Pero no nos engañemos por una treta tan facilona por parte de Stoker. Sorprende que, en ocasiones, la crítica haya picado y describa a Mina en términos tibios. Su reiterada insistencia en que trabaja para su marido no pasa de ser una muestra del tópico de la falsa humildad. Cuando le juega la broma a Van Helsing de entregarle la versión taquigráfica de sus escritos, queda desvelado que Mina es muy consciente de su valía, de la valía de sus esfuerzos en la trama que se está desplegando a su alrededor. Se puede permitir un gesto de superioridad como ese. Tampoco olvidemos otro detalle significativo: puede desmerecer, de boquilla, su rol dominante y colocarse en posición dominada, pero quien se embarca en un largo y peligroso viaje que le lleva a recorrer media Europa para recuperar a su novio perdido, quien lo rescata y quien le devuelve el equilibrio mental es Mina.
Y será definitivamente redimida en el momento que ella misma chupe el pecho de Drácula. Ella, la que se alimente de él, ya no en posición pasiva, como había tenido hasta entonces -o como la que había mantenido la propia Lucy-, sino activa. Forzada, sí, pero responsable de lo que estaba haciendo. Ella, consciente de su conexión con el monstruo, el nosferatu que la embrujó. Ella conectando telepáticamente con su ‘esposo’ macabro, noche tras noche, por voluntad propia. Stoker nunca menciona la posibilidad de un amor más allá de la muerte entre Mina y el conde, como sí se recrea en la versión cinematográfica de Coppola. Pero está implícito, desde el momento en que oye lo que él, siente lo que él, vive como él, que la conexión entre ambos es ultraterrena. Y eso no es decimonónico ni victoriano ni moral.
Mina, la vampira.
Stoker da toda la apariencia de conservadurismo para crear una mujer moderna, contemporánea. Armada con la más reciente tecnología, la máquina de escribir, conocedora de técnicas actuales, como la taquigrafía, Mina Murray Harker no es una flor típica de la época. Despojada del pobre vestido timorato con el que el autor irlandés la disimula, casi podríamos decir que es un personaje de pleno siglo XXI, si no resultara una apreciación anacrónica.

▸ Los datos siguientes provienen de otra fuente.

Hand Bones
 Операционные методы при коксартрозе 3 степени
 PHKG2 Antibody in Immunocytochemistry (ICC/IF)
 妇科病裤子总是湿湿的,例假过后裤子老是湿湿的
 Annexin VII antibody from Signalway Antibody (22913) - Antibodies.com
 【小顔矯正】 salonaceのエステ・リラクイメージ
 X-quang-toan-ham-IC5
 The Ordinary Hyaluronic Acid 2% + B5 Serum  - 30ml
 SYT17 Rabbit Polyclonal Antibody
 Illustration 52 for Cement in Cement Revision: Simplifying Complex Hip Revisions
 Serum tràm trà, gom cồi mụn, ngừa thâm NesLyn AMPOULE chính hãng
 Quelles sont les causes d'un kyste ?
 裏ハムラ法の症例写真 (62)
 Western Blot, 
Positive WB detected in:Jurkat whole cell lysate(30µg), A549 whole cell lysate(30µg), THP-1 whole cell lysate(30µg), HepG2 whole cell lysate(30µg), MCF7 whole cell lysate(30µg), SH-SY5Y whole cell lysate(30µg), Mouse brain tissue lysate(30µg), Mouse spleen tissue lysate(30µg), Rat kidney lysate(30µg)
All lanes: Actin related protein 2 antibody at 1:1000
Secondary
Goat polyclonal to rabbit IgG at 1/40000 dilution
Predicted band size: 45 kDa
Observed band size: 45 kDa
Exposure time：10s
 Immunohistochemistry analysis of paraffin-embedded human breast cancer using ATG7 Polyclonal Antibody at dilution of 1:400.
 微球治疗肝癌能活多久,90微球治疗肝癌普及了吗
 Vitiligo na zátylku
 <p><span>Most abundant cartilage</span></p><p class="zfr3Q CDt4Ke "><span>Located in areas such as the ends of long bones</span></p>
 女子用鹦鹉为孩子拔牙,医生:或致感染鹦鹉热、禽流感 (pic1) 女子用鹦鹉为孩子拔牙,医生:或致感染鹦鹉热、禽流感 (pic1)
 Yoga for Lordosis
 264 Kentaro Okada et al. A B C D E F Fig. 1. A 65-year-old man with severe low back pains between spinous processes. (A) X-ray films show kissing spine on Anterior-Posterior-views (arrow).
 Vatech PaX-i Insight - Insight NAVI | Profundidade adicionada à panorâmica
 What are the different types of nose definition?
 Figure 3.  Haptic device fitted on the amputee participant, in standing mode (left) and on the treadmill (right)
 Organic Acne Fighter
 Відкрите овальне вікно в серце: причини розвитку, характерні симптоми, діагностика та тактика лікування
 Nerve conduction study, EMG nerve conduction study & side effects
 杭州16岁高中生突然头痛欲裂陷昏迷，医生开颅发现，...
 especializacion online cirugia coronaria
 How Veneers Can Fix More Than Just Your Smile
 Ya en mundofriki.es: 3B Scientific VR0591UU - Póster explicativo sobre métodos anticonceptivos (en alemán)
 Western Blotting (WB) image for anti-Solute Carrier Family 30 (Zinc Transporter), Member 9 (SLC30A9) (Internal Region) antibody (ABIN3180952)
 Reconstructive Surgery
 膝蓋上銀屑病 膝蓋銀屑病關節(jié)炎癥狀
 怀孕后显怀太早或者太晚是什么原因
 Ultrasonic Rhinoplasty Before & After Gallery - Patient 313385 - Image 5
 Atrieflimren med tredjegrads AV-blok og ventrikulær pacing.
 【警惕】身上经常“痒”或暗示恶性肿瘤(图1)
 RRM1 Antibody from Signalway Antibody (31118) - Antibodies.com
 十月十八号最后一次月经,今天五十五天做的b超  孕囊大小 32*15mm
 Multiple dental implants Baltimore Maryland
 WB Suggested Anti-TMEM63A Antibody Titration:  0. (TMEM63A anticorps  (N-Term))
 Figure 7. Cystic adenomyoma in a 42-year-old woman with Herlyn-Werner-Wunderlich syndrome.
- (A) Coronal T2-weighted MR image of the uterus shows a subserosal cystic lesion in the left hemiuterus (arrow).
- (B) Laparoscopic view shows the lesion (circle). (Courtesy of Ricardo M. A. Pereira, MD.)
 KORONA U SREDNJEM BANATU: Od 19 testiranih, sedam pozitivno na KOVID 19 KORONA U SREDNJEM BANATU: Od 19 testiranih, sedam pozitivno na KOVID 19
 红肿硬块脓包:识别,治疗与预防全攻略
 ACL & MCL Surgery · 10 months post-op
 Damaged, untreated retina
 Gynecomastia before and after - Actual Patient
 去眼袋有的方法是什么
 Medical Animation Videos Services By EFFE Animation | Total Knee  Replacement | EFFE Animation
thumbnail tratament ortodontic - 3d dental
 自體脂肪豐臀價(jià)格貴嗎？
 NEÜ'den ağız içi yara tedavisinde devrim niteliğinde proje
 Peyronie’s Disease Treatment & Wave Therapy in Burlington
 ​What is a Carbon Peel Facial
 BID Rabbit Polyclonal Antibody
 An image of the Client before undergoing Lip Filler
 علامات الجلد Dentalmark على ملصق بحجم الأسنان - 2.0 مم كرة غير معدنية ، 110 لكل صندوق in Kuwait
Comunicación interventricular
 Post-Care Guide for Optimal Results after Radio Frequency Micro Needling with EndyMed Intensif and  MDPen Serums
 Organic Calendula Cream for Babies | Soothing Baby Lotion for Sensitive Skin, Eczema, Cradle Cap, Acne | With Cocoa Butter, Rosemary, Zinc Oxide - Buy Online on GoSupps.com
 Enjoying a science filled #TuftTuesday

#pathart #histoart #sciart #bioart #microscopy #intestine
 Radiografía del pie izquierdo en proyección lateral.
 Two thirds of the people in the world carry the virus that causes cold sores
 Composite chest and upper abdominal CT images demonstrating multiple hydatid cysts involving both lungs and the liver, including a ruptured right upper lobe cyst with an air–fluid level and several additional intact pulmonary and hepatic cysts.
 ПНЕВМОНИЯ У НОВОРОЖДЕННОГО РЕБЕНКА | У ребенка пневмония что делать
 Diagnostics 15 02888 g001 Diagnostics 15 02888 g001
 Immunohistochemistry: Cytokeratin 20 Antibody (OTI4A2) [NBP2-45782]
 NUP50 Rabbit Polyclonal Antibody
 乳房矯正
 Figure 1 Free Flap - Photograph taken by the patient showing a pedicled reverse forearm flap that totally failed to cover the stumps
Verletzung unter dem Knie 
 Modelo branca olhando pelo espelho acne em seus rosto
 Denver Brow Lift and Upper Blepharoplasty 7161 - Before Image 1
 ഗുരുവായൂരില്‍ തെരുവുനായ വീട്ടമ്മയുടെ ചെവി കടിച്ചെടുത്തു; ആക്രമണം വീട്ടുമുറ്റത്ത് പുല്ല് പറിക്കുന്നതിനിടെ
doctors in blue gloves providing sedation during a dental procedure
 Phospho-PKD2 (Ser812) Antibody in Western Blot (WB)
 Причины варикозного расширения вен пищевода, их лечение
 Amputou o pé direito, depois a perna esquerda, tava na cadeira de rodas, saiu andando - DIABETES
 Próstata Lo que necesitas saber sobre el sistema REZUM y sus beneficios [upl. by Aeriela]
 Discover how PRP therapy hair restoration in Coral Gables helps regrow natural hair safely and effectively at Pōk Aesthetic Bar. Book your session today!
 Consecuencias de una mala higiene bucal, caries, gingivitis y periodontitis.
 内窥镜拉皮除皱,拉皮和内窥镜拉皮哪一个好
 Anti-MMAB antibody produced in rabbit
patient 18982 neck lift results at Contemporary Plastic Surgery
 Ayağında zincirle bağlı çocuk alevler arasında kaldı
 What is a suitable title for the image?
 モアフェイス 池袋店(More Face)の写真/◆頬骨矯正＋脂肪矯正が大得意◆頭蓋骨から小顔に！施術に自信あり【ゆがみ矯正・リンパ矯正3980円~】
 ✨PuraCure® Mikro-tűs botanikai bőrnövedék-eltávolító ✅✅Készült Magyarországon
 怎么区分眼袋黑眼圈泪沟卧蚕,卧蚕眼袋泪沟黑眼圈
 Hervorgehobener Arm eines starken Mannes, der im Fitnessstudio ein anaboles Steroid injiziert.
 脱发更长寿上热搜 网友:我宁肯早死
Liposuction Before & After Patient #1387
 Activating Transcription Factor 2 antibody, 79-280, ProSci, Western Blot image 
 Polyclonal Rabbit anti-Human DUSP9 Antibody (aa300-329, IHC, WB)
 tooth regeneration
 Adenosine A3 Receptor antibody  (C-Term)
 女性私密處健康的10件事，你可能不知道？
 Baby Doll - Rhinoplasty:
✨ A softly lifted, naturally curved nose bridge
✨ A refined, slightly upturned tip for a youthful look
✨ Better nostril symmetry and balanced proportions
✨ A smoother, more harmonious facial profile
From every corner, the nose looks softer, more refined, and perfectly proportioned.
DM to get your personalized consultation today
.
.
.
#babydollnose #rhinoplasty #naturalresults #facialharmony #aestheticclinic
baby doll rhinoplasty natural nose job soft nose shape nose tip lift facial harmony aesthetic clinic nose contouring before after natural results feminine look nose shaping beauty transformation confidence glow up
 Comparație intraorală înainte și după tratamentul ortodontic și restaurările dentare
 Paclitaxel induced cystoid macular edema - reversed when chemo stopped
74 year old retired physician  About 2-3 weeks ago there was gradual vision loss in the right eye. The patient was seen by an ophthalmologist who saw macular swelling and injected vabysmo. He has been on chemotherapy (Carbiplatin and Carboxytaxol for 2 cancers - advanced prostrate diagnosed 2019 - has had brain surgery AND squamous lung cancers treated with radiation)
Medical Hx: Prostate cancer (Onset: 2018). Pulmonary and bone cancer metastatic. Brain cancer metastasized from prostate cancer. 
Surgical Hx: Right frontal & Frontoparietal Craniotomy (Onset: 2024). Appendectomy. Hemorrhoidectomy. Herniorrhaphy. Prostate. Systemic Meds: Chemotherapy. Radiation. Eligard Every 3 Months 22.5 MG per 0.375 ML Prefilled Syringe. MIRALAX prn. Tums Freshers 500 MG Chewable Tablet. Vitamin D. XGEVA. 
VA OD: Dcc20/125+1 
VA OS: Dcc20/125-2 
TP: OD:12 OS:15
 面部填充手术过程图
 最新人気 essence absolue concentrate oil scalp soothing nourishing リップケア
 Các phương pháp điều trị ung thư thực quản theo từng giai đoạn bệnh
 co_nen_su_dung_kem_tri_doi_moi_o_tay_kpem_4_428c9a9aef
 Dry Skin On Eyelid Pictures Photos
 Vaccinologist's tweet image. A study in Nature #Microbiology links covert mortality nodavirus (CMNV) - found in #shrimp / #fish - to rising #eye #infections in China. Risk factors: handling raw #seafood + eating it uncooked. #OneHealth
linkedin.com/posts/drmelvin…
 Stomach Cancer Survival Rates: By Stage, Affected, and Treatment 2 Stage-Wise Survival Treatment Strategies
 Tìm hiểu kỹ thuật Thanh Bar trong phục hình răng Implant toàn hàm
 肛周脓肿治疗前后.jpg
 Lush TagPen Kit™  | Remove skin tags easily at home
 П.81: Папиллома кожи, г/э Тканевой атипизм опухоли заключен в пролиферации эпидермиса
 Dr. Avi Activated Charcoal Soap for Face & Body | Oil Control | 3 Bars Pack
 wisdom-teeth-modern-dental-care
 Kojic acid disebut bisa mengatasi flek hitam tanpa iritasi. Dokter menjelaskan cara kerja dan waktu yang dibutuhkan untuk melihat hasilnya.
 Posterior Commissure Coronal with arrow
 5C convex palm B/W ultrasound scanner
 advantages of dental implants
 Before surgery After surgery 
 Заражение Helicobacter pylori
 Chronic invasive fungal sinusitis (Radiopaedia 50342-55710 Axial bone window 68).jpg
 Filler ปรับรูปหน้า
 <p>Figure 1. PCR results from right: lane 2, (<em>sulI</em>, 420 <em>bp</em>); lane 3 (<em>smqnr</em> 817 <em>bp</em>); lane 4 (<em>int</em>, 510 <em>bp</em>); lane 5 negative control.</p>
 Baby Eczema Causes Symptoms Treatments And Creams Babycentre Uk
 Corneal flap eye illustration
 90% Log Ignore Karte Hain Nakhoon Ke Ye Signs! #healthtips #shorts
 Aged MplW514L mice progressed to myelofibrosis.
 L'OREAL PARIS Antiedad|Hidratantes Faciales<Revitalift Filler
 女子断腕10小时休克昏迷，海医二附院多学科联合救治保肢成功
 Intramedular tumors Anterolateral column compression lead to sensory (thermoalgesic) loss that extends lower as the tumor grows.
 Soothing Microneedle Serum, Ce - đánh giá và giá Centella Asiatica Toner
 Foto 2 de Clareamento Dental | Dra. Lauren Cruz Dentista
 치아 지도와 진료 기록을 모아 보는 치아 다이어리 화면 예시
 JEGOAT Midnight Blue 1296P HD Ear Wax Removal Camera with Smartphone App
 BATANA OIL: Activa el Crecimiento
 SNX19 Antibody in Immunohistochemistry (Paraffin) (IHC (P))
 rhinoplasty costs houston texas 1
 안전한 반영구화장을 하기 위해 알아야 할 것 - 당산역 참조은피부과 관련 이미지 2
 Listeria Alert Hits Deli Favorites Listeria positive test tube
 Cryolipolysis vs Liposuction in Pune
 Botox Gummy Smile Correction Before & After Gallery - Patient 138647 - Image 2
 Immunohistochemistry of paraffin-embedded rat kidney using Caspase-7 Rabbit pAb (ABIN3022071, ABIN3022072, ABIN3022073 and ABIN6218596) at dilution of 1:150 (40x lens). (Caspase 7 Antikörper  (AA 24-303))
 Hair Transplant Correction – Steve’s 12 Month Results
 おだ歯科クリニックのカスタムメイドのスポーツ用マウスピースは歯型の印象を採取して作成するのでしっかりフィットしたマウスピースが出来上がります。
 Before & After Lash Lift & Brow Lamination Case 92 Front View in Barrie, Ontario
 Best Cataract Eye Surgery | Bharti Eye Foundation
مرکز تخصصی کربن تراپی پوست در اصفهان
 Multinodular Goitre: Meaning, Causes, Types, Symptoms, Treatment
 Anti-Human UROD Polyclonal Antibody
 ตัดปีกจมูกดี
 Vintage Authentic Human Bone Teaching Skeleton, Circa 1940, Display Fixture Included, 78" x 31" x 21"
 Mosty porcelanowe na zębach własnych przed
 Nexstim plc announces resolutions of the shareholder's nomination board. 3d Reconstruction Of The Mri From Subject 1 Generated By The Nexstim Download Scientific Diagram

Aunque tal vez el anacronismo no resida en creer que se trata de un personaje fuera de su tiempo, sino en que el propio Stoker fuera capaz de generarlo, así, de este modo, en 1897. Reivindiquemos a Drácula porque pone nombre a algunos de nuestros terrores atávicos. Y enarbolemos la bandera -tan actual hoy- del feminismo de mano de un autor al que pocos habrían etiquetado como feminista. Y, sin embargo, ¿no fue su madre, Charlotte Mathilda Blake Thornley, una de las primeras activistas a favor de la independencia del ‘sexo débil’?